Director: Eugenio Martín

Productores: José María Ramos, Eugenio Martín

Guionistas: Antonio Fos, Eugenio Martín

Fotografía: José F. Aguayo

Música: Antonio Pérez Olea

Intérpretes: Aurora Bautista (Marta), Esperanza Roy (Verónica), Judy Geeson (Laura Barkley), Vic Winner [Víctor Alcázar] (Eduardo), Lone Fleming (Helen Miller), Blanca Estrada (Norma), Loreta Tovar (May), Montserrat Julió [acreditada como Julia Montserrat] (Beatriz), Fernando Villena (Médico), Fernando Hilbeck (Alcalde), Carlos Piñeiro (Luis), Diego Hurtado…

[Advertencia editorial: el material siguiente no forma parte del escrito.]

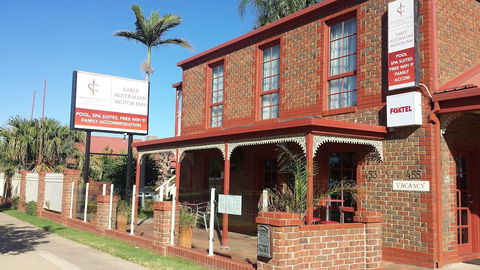 Early Australian Motor Inn - Accommodation Gladstone 0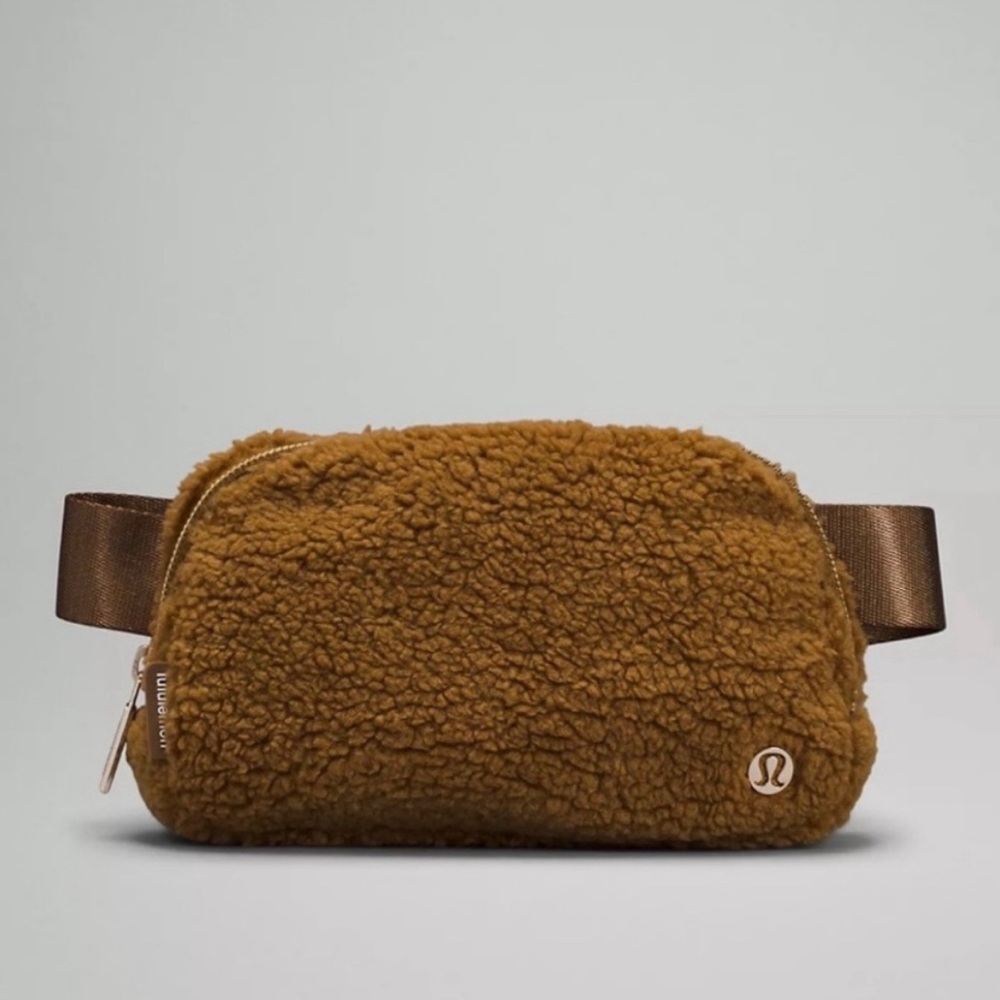 Lululemon Belt Bag Fleece Burnt Caramal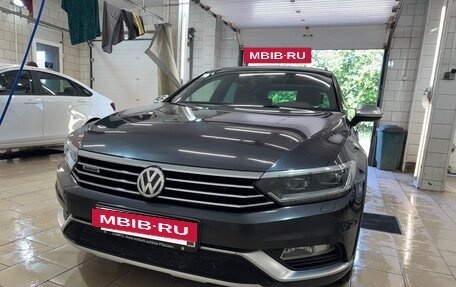 Volkswagen Passat B8 рестайлинг, 2018 год, 2 600 000 рублей, 4 фотография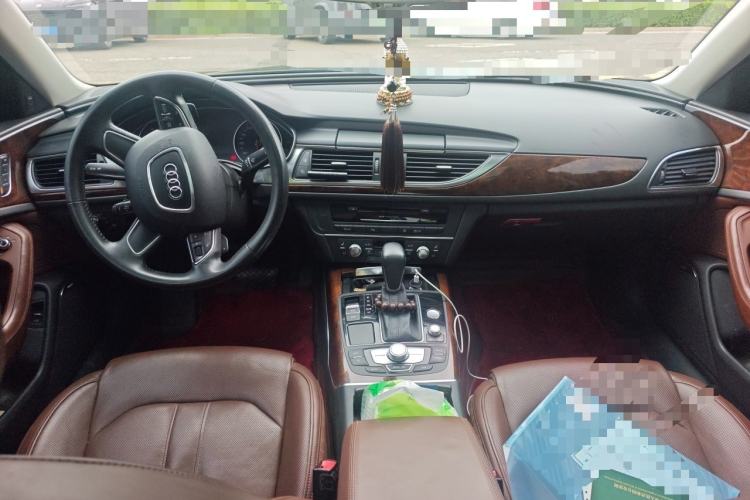 Used Audi A6L 2012 35 FSI Luxury Model Center Console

Sinopsis: En un pueblecito prototípico de la España rural de los 60 dos hermanas solteronas y puritanas dirigen una posada en la que se hospedan jóvenes turistas. Obsesionadas por defender a toda costa la decencia y guiadas por un turbio fanatismo deciden eliminar lo que consideran “indecente”. La mayor de las dos hermanas, la más demente y desequilibrada, asesina a una chica inglesa que toma el sol en top less. Su muerte se convierte para ella en una señal divina.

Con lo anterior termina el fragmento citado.